Dünya Hızlı Okuma ve Hafıza Şampiyonası bu yıl Türkiye’de

A
A
A
Dünya Hızlı Okuma ve Hafıza Şampiyonası bu yıl Türkiye’de

Dünya çapında büyük ilgi gören Dünya Hızlı Okuma ve Hafıza Şampiyonası’nın 33.’sü bu yıl Türkiye’de gerçekleşecek. Geçen yıl 28 ülkenin katılımıyla Polonya’da yapılan şampiyonada çocuk kategorisinde Türkiye birinci olmuştu. Dünya Hızlı Okuma ve Hafıza Şampiyonası’nın Türkiye sorumlusu, Mehmet Taşhanlıgil, “Türkiye’de de gençlerimizin hem akademik başarılarını hem de sosyal gelişimlerini ileriye taşımayı amaçlıyoruz” dedi.
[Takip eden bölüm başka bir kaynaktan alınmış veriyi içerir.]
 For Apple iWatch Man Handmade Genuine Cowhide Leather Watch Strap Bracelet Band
Dünya çapında büyük ilgi gören Dünya Hızlı Okuma ve Hafıza Şampiyonası’nın 33.’sü bu yıl Türkiye’de gerçekleşiyor. Geçen yıl Polonya’da yapılan şampiyonada 28 ülkeden katılımcının arasından çocuk kategorisinde ülkemizden Zümra Evren birinci olurken, bu yıl 35 ülkeden 200’den fazla yarışmacı farklı kategorilerde rekabet edecek. Yetişkin, genç ve çocuk kategorilerinde düzenlenecek olan yarışma, bu alandaki yetenekleri bir kez daha gözler önüne serecek.
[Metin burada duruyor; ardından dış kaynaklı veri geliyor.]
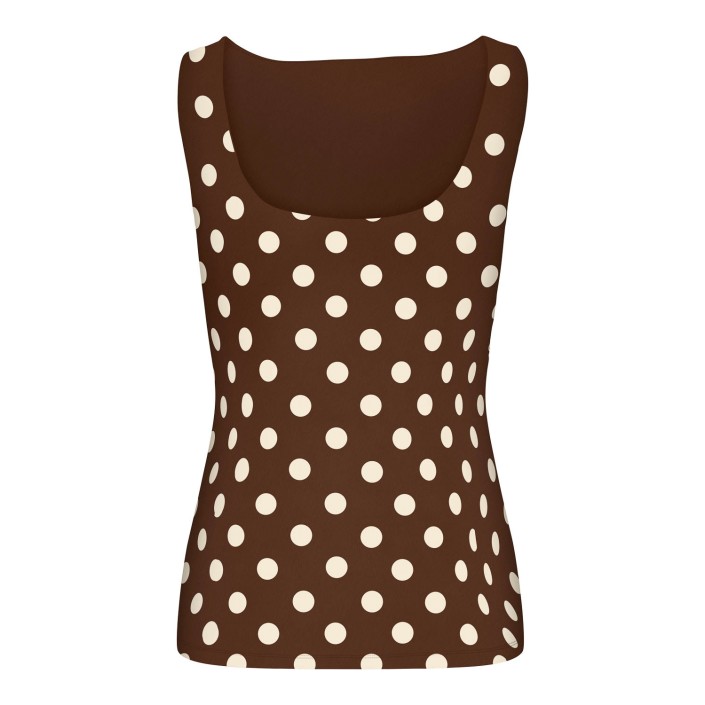 Only ONLLONE AOP LEO 2-WAY S/L TOP JRS Seal Brown/BIG CD DOTS | Freewear ONLLONE AOP LEO 2-WAY S/L TOP JRS - www.freewear.nl - Freewear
4-8 Aralık tarihlerinde Ataköy Uluslararası Gençlik Merkezi’nde düzenlenecek olan yarışma, Gençlik ve Spor Bakanlığı’nın destekleriyle hayata geçiyor. 4 Aralık’ta açılış töreni ile başlayacak olan etkinlik, 5-7 Aralık tarihlerinde 10 disiplinden oluşan hafıza yarışmaları ile devam edecek. 7 Aralık’ta ise Zihin Haritaları ve Hızlı Okuma şampiyonaları yapılacak. 8 Aralık Pazar günü ödül töreni ile sona erecek olan etkinlik, dünya çapında büyük isimleri ağırlayacak. Etkinliğin konuşmacıları arasında Grandmaster Raymond Keene ve Marek Kasperski gibi uluslararası alanda tanınan profesörler ve uzmanlar yer alacak.

Dünya genelinde büyük ilgi gören bu şampiyona, hafıza ve hızlı okuma alanındaki yeteneklerin sergilendiği en prestijli organizasyonlardan biri olarak kabul ediliyor. Türkiye’den de okulların ve bireysel katılımcıların, öğrencilerine farklı bir deneyim kazandırmak isteyen kurumların da iddialı bir şekilde yer aldığı bu yarışma, geniş bir katılım yelpazesi sunuyor.

Mehmet Taşhanlıgil, Dünya Hızlı Okuma ve Hafıza Şampiyonası’nın Türkiye sorumlusu olarak, bu prestijli organizasyonu Türkiye’ye getirmekten büyük gurur duyduğunu ifade ederek, “Bu şampiyona sadece bireysel başarıların değil, aynı zamanda okuma ve hafızanın toplumsal gelişim üzerindeki etkilerinin bir kez daha altını çizen önemli bir platformdur. Türkiye olarak, eğitimde ve kişisel gelişimde okuma ve hafıza yeteneklerinin stratejik öneminin farkındayız. Dünyadaki en gelişmiş ülkeler arasında yer alan Finlandiya, Kanada ve Japonya gibi ülkeler, eğitim sistemlerinde okuma becerilerine özel önem vermekte ve öğrencilerin analitik düşünme, problem çözme yeteneklerini artırarak okuma anlama oranlarında üst sıralarda yer almaktadır” dedi.

“Türkiye’de de gençlerimizin hem akademik başarılarını hem de sosyal gelişimlerini ileriye taşımayı amaçlıyoruz”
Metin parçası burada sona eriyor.